Done, my next build will be with far less wick.

Thanks.


----------



## Rowan Francis (26/10/14)

Tell me how it works out..


----------



## WHITELABEL (27/10/14)

@Rowan Francis you rock dude! Single vertical coil at 1.1 ohms and a good scrubbing sorted my 3d. This thing is hitting like a beast, huge clouds of delicious vape

Reactions: Like 3


----------



## Rowan Francis (27/10/14)

Gambit said:


> @Rowan Francis you rock dude! Single vertical coil at 1.1 ohms and a good scrubbing sorted my 3d. This thing is hitting like a beast, huge clouds of delicious vape


Good stuff chap. Glad it's sorted. Best thing about this forum, ask cos somebody has probably been there already and can give you some pointers.

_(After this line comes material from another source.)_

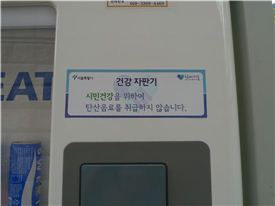 내달부터 서울시내 공공기관서 '탄산음료' 사라진다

Reactions: Like 2 | Agree 2 | Winner 1


----------



## WHITELABEL (31/10/14)

Twisted 28g, 1mm ID, Chimney coil on Kayfun lite. Came out at 0.9 ohms. Vaped okay, not as good as the single coil. Taste and flavour was muted and it made the atty hot really quickly. At least there was no gurgling or leaking. Think I'm getting the hang of the top filling thing now.

Reactions: Like 3


----------



## BumbleBee (31/10/14)

Gambit said:


> Twisted 28g, 1mm ID, Chimney coil on Kayfun lite. Came out at 0.9 ohms. Vaped okay, not as good as the single coil. Taste and flavour was muted and it made the atty hot really quickly. At least there was no gurgling or leaking. Think I'm getting the hang of the top filling thing now.


Very neat! Nicely done

Reactions: Thanks 1


----------



## Andre (31/10/14)

Gambit said:


> Twisted 28g, 1mm ID, Chimney coil on Kayfun lite. Came out at 0.9 ohms. Vaped okay, not as good as the single coil. Taste and flavour was muted and it made the atty hot really quickly. At least there was no gurgling or leaking. Think I'm getting the hang of the top filling thing now.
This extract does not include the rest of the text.